• **ACTIVITY**
Please print the entries below exactly, from the line with "Plushwick – Two-Tone" through the line with "Newborn Cute Baby", including both of those lines and leaving out all others.

• **RECORDS FOR THIS TASK**
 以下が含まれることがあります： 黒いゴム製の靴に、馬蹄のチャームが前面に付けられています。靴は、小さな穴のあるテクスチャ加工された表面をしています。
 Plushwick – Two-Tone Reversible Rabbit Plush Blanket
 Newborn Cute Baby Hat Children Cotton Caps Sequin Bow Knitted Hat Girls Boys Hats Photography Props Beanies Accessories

--

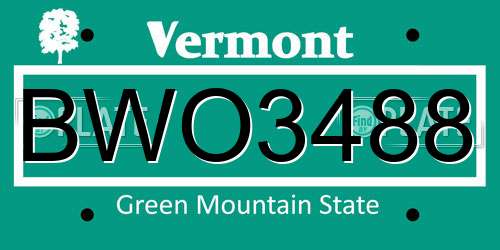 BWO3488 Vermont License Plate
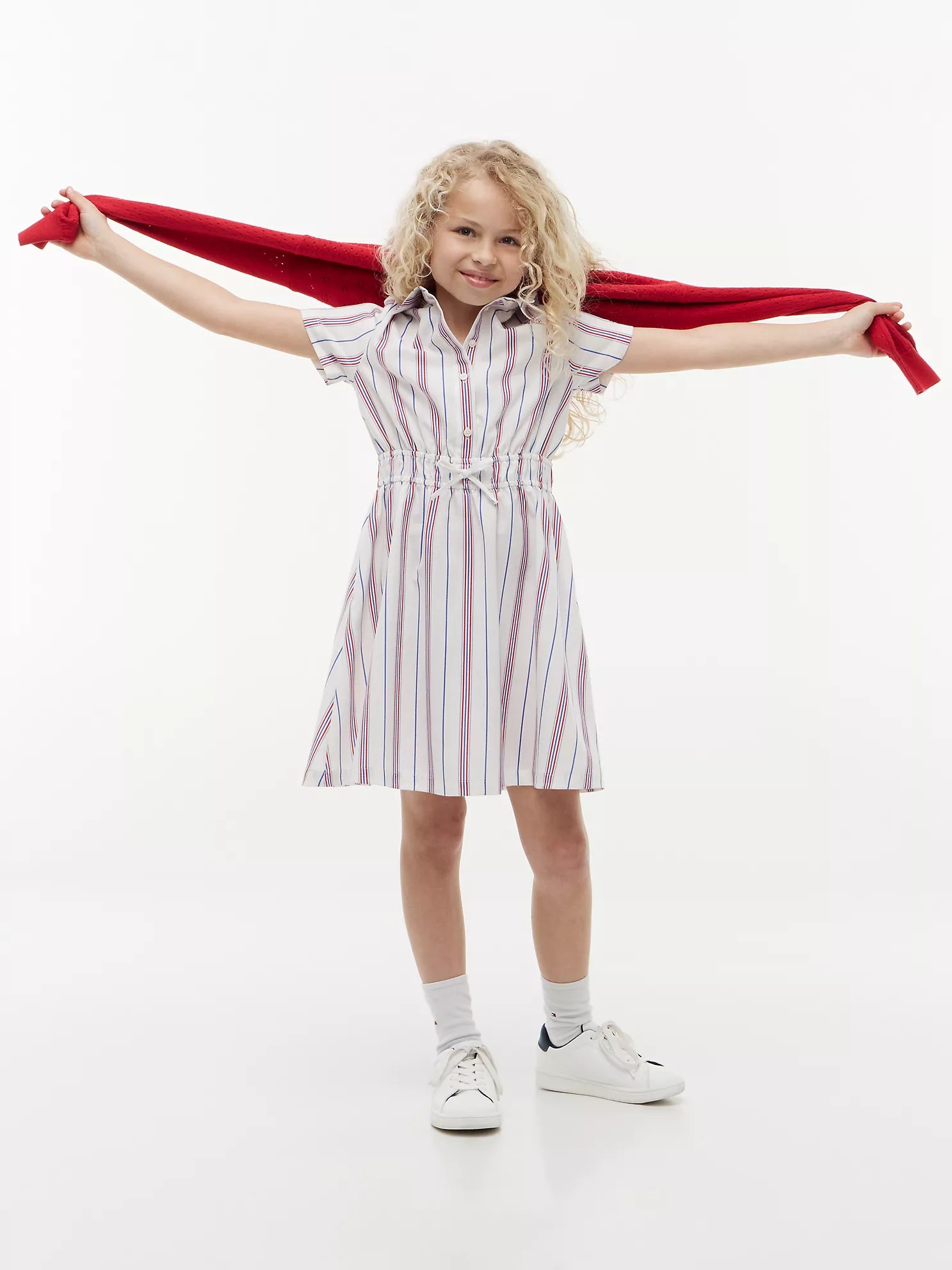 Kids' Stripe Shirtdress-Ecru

...

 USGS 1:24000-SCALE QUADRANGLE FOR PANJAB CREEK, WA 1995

• **OUTPUT**
 Plushwick – Two-Tone Reversible Rabbit Plush Blanket
 Newborn Cute Baby Hat Children Cotton Caps Sequin Bow Knitted Hat Girls Boys Hats Photography Props Beanies Accessories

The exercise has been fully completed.